■ Task instructions: Beginning at the line containing "Joueur en action lors d'un match de football" in the material below and ending at the line containing "New 2025 Lexus", return each line exactly and add nothing.

■ Information provided:
((
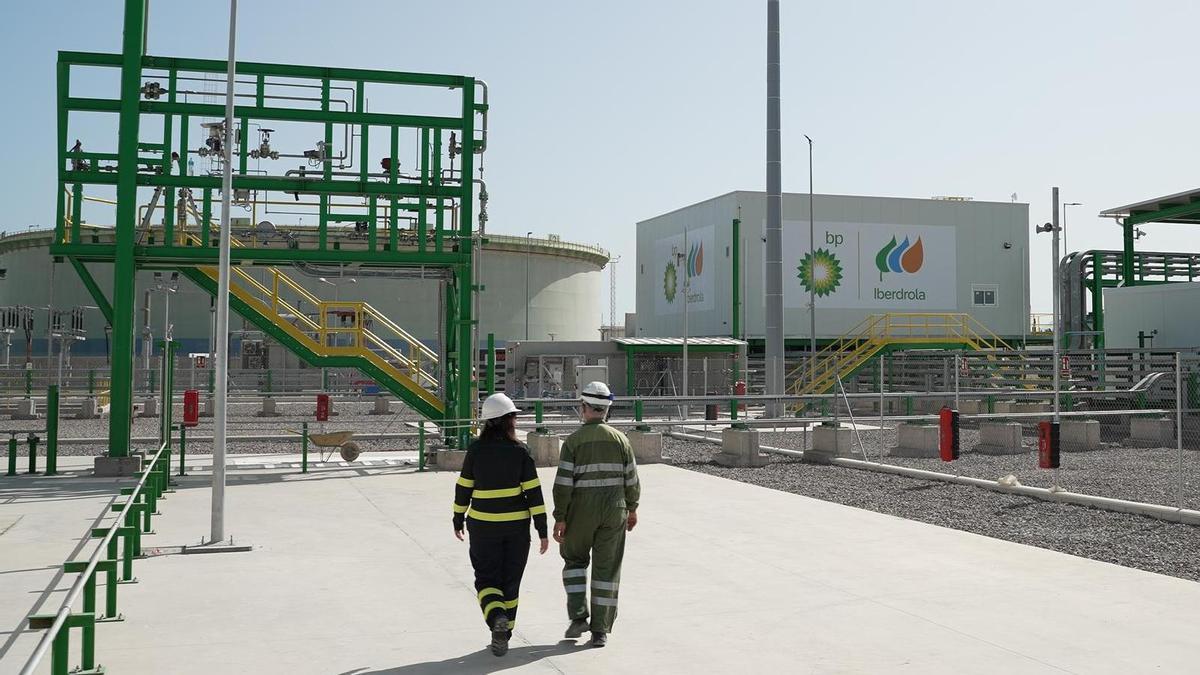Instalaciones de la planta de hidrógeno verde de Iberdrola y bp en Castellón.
))
((
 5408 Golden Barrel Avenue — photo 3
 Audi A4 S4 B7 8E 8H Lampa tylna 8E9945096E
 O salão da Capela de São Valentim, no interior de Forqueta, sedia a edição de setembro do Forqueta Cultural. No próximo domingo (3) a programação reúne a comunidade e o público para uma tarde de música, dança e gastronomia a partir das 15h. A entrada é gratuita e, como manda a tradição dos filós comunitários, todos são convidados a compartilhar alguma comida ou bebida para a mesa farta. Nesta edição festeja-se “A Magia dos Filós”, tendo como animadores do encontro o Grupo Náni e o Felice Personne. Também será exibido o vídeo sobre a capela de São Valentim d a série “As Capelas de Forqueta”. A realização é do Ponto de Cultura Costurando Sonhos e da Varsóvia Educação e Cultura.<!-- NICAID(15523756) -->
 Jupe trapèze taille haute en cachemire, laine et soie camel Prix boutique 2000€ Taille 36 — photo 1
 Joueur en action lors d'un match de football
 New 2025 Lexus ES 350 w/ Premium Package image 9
))
■ Written response:
 Joueur en action lors d'un match de football
 New 2025 Lexus ES 350 w/ Premium Package image 9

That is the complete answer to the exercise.